### YOUR TASK:
An exact reproduction of all the data is needed, with no images in it.

### GIVEN INFORMATION:
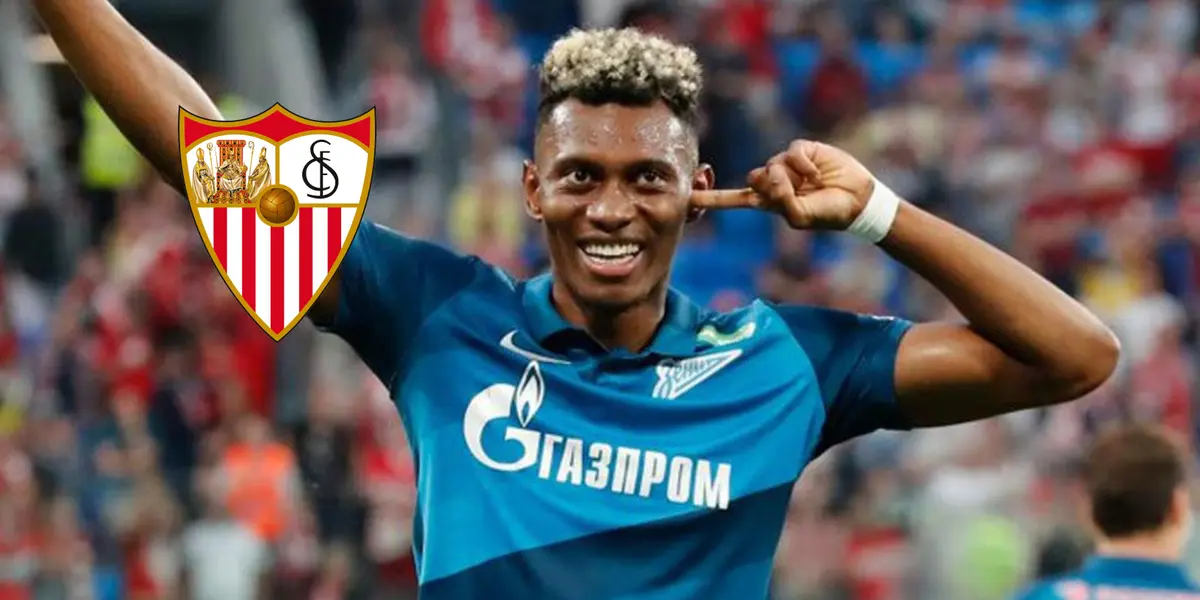 Mateo Cassierra con la camiseta del Zenit.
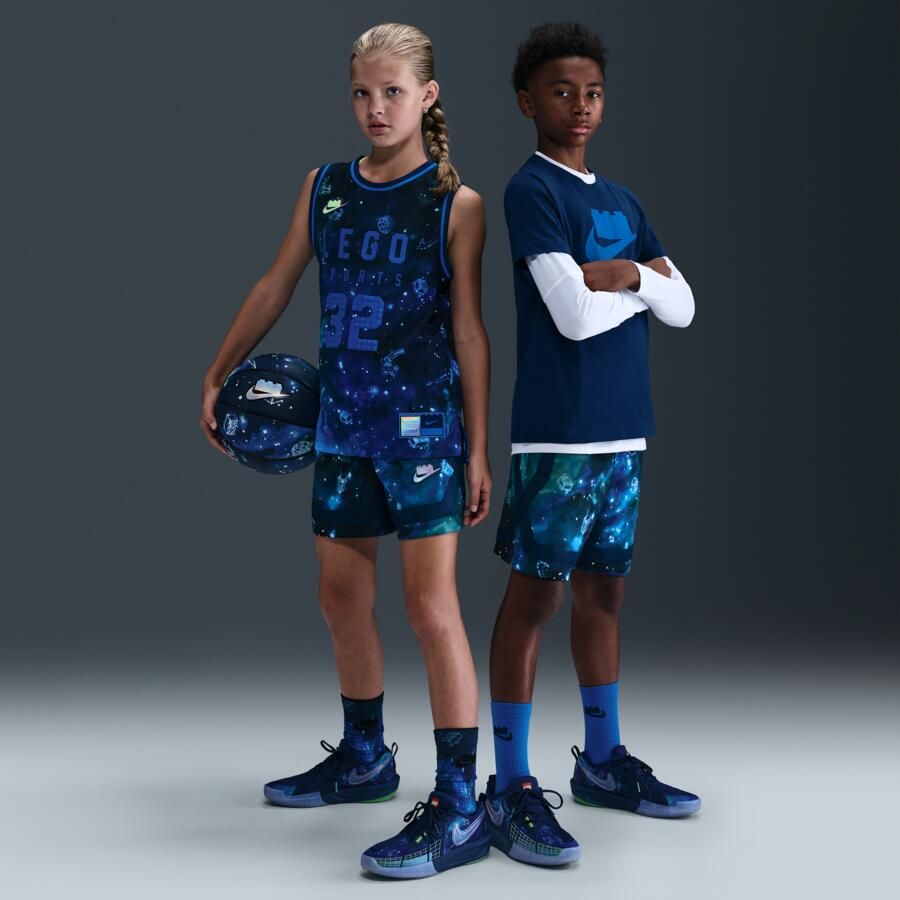 Nike x LEGO Collection Dri-FIT crossover shorts voor kids Blauw - Foto 4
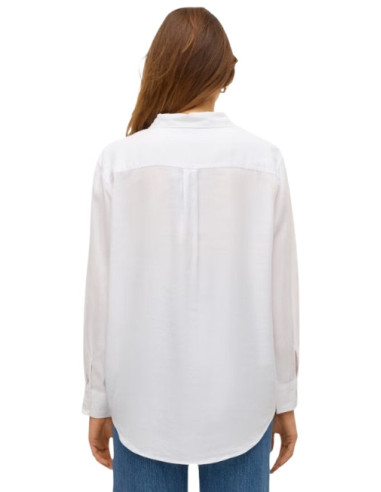 Camicia Manica Lunga in Lino Bianca Vero Moda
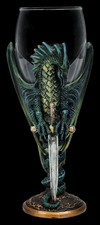 Glas Kelch Drache - Skull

### RESPONSE TO THE TASK:
 Mateo Cassierra con la camiseta del Zenit.
 Nike x LEGO Collection Dri-FIT crossover shorts voor kids Blauw - Foto 4
 Camicia Manica Lunga in Lino Bianca Vero Moda
 Glas Kelch Drache - Skull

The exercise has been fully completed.